• [Task statement]:
From the data below, repeat exactly the lines from the line with "Before I start" to the line with "Here it is —", both included.

• [Material supplied]:
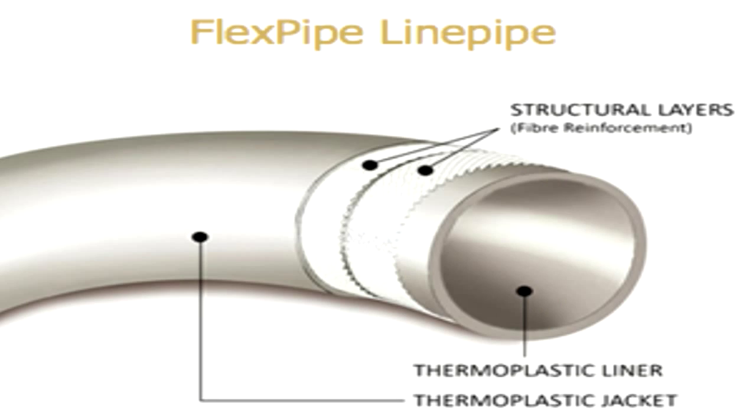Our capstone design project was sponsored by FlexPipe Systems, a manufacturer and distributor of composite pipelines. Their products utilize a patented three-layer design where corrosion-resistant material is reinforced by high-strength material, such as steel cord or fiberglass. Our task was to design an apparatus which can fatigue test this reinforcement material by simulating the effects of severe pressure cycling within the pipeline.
...
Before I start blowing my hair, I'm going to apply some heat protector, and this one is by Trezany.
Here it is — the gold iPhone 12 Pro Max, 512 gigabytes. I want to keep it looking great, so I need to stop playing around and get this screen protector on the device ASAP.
---
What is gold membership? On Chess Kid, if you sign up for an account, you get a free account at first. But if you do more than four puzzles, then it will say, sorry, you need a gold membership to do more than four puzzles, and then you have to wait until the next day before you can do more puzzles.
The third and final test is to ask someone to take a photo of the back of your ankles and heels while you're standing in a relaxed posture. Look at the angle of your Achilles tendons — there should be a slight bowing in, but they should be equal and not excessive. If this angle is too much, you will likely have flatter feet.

• [Finished exercise]:
Before I start blowing my hair, I'm going to apply some heat protector, and this one is by Trezany.
Here it is — the gold iPhone 12 Pro Max, 512 gigabytes. I want to keep it looking great, so I need to stop playing around and get this screen protector on the device ASAP.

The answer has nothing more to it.